• [RECORDS FOR THE TASK]
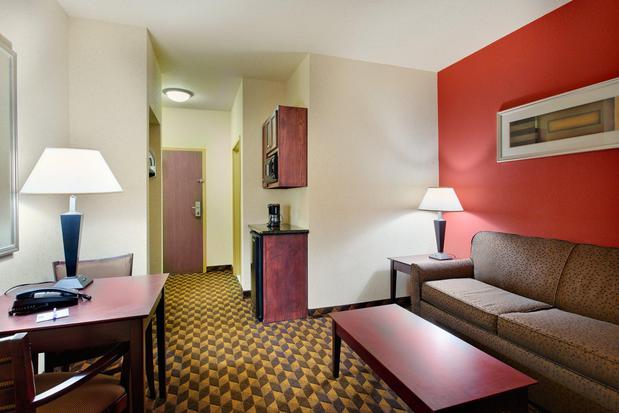 Images Holiday Inn Express & Suites Malvern, an IHG Hotel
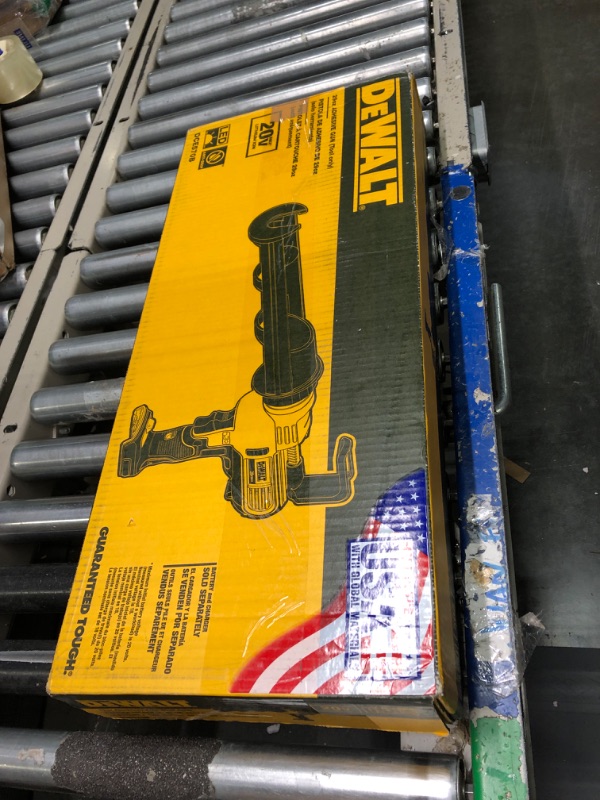 Photo 3 of 20-Volt MAX Cordless 29 oz / 600 ml Adhesive Gun (Tool-Only)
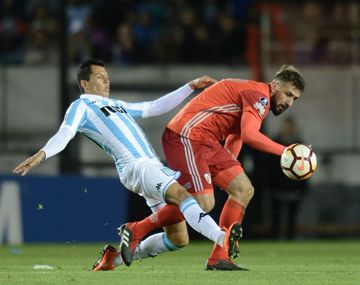 Leonardo Sigali y Lucas Pratto se enfrentarán el miércoles en el Monumental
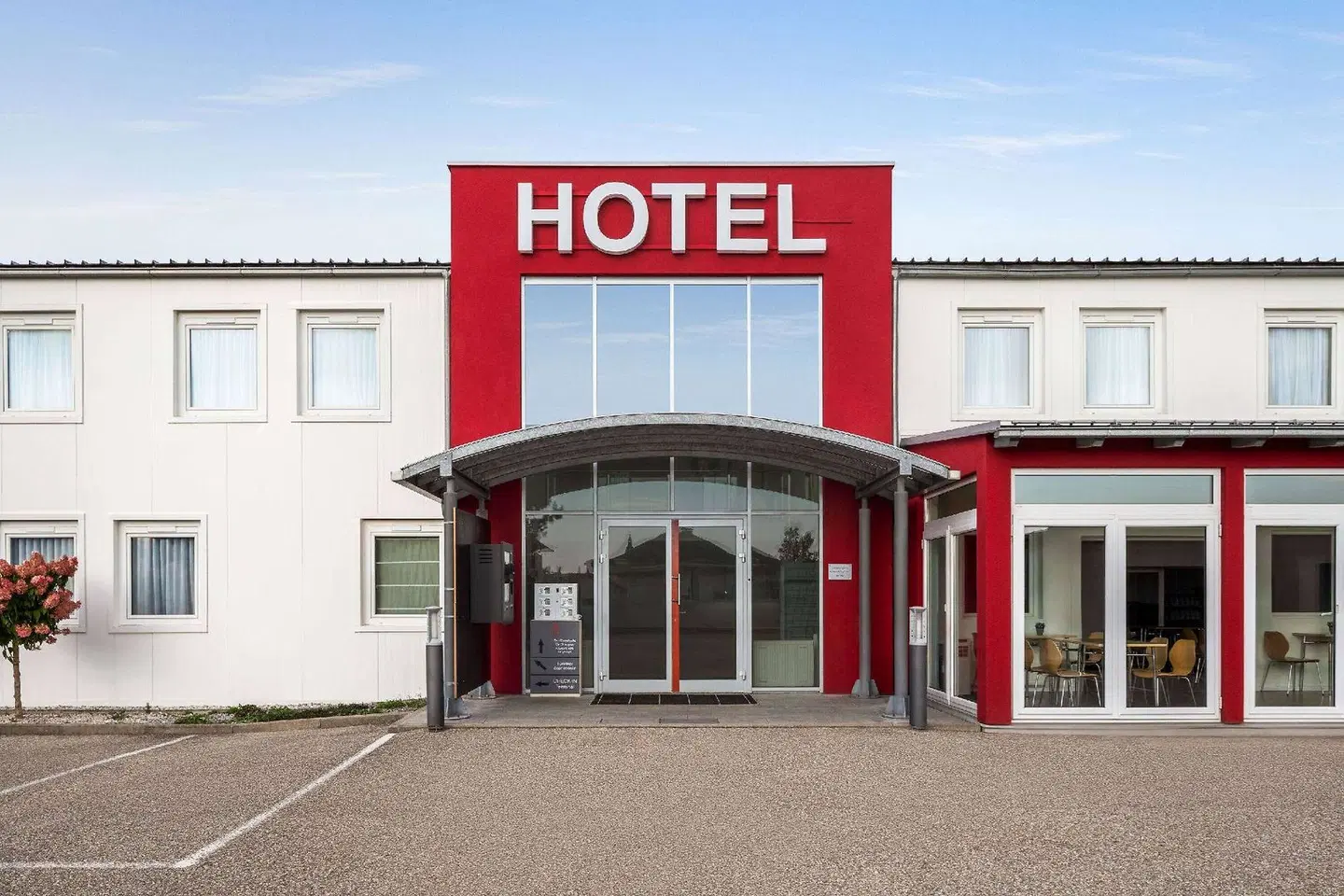 AMEDIA Express Sattledt EXTERIOR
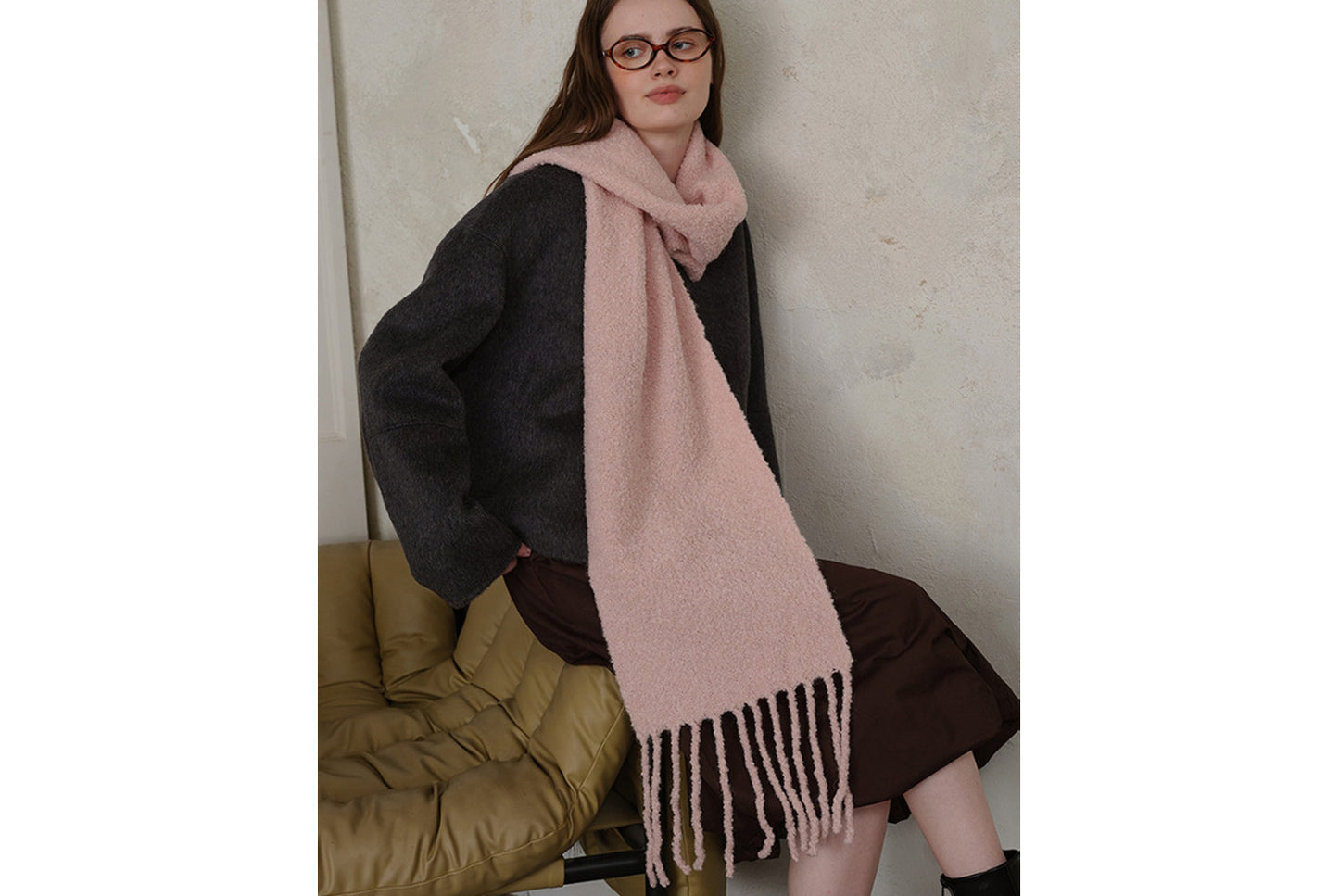 80% Wool Tassel Scarf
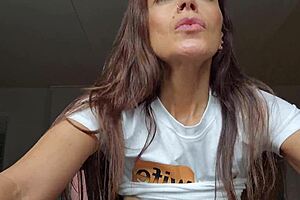check out this milf gettin pounded hard creampie drippin from her pussy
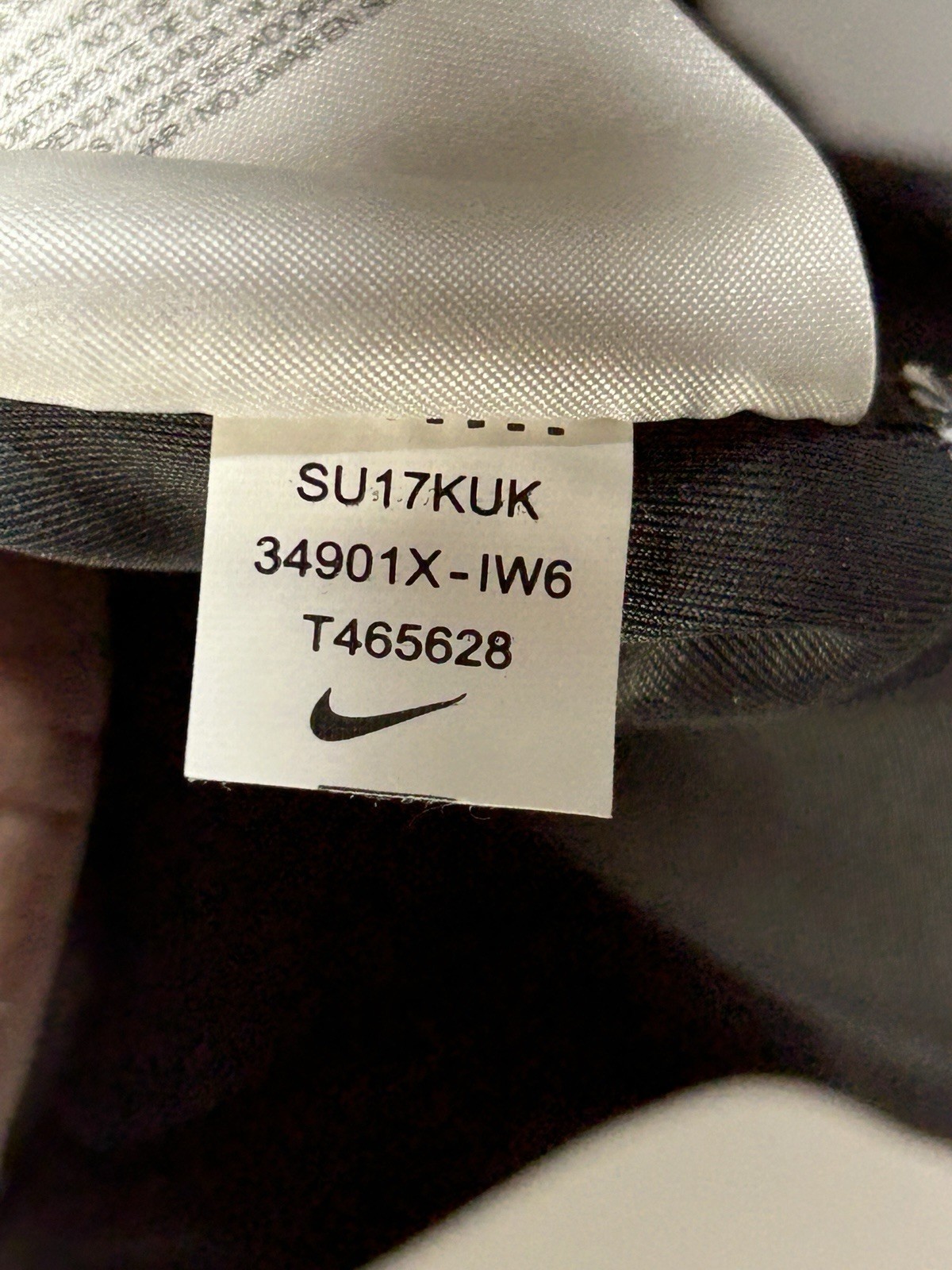 Nike Dri-Fit Iowa Hawkeyes Polo Shirt Mens Large Gray Yellow NCAA Golf thumbnail 9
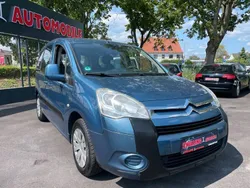 Blau Gebraucht 2011 Citroën Berlingo Van / Kleinbus | 4.999 € (Fairer Preis)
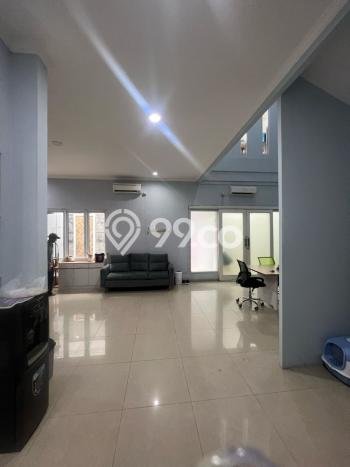 Unit Kantor Paling Strategis di Tebet Jakarta Selatan dengan LB 400m2 Unit Kantor Paling Strategis di Tebet Jakarta Selatan dengan LB 400m2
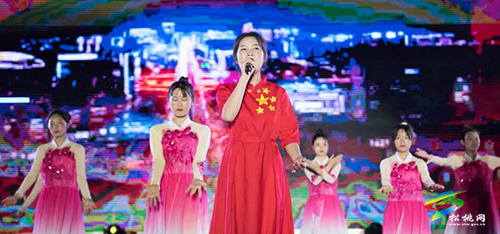松桃職校舉辦校園“十佳歌手”大賽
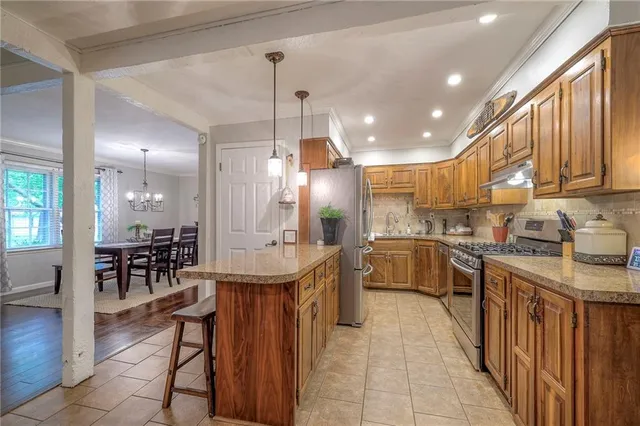 $700,000 | 7540 West 197th Street, Stilwell, KS 66085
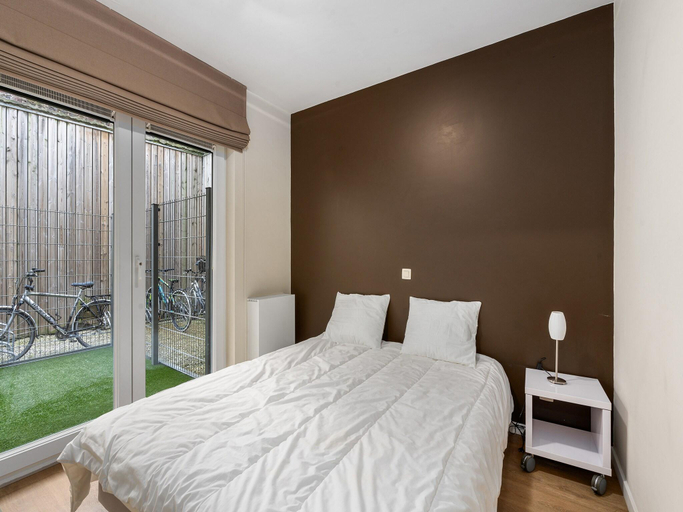 Others 5, Spacious Ground Floor Apartment for Family, West-Vlaanderen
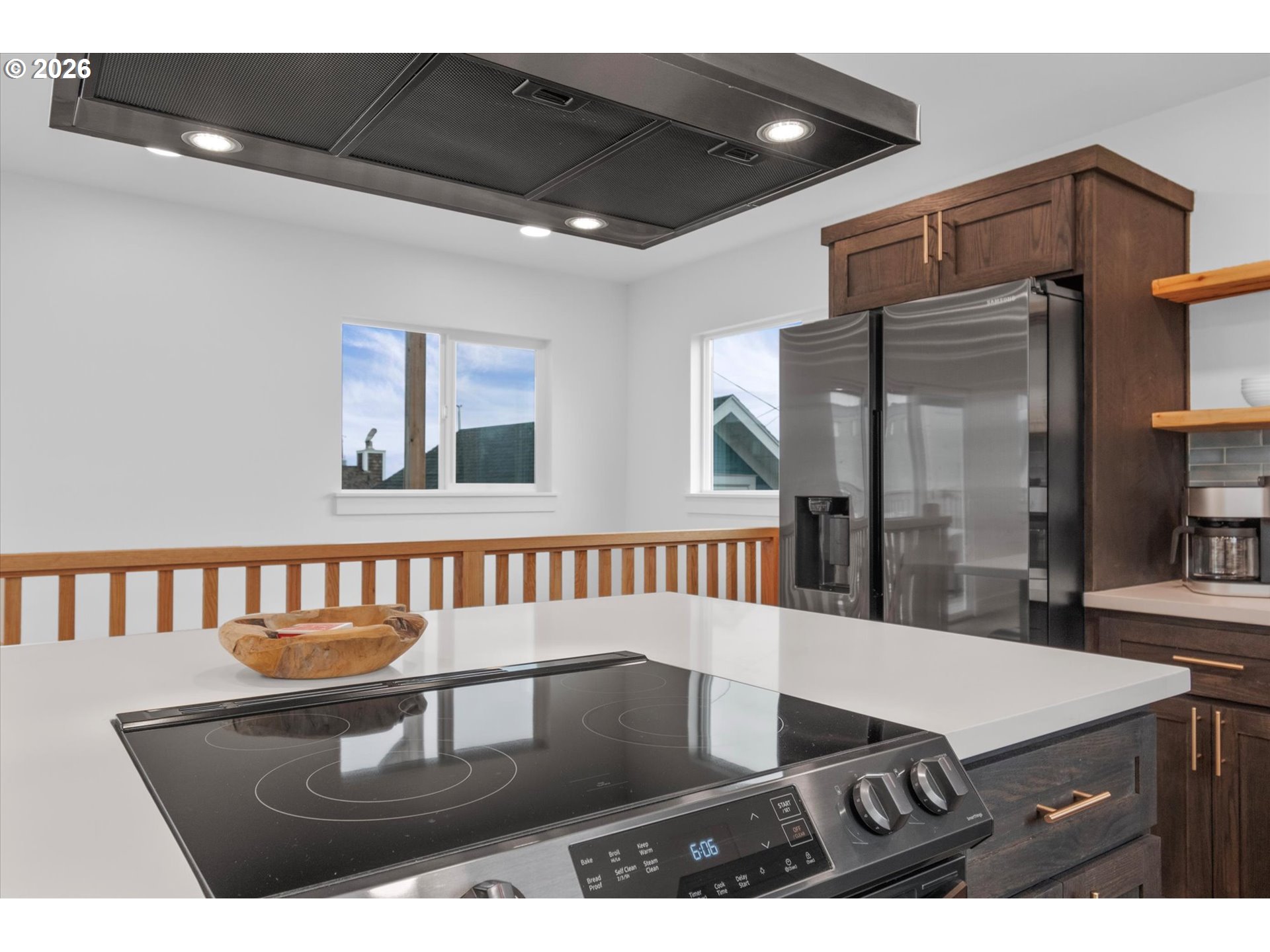 135 6th Avenue Seaside, OR 97138 - Photo 11 of 42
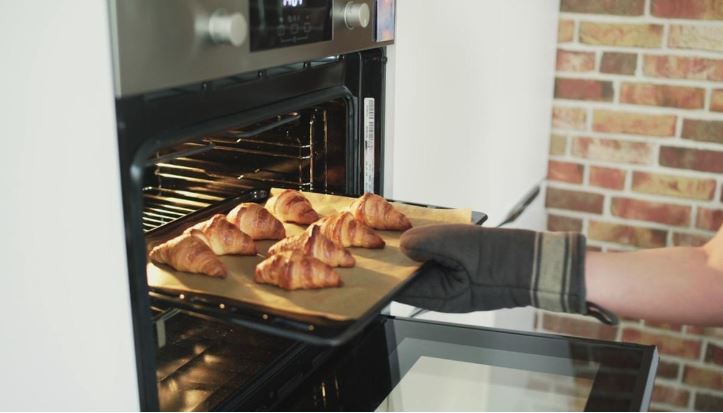 What to Put in the Oven to Keep the Bottom of Baked Goods from Burning: 6 Tips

• [WHAT THE EXERCISE ASKS] In the listing above, find the line with "AMEDIA Express Sattledt EXTERIOR" and the line with "135 6th Avenue". Copy exactly those lines and all between them, minus the images.

• [RESULT OF THE EXERCISE]
 AMEDIA Express Sattledt EXTERIOR
 80% Wool Tassel Scarf
check out this milf gettin pounded hard creampie drippin from her pussy
 Nike Dri-Fit Iowa Hawkeyes Polo Shirt Mens Large Gray Yellow NCAA Golf thumbnail 9
 Blau Gebraucht 2011 Citroën Berlingo Van / Kleinbus | 4.999 € (Fairer Preis)
 Unit Kantor Paling Strategis di Tebet Jakarta Selatan dengan LB 400m2 Unit Kantor Paling Strategis di Tebet Jakarta Selatan dengan LB 400m2
松桃職校舉辦校園“十佳歌手”大賽
 $700,000 | 7540 West 197th Street, Stilwell, KS 66085
 Others 5, Spacious Ground Floor Apartment for Family, West-Vlaanderen
 135 6th Avenue Seaside, OR 97138 - Photo 11 of 42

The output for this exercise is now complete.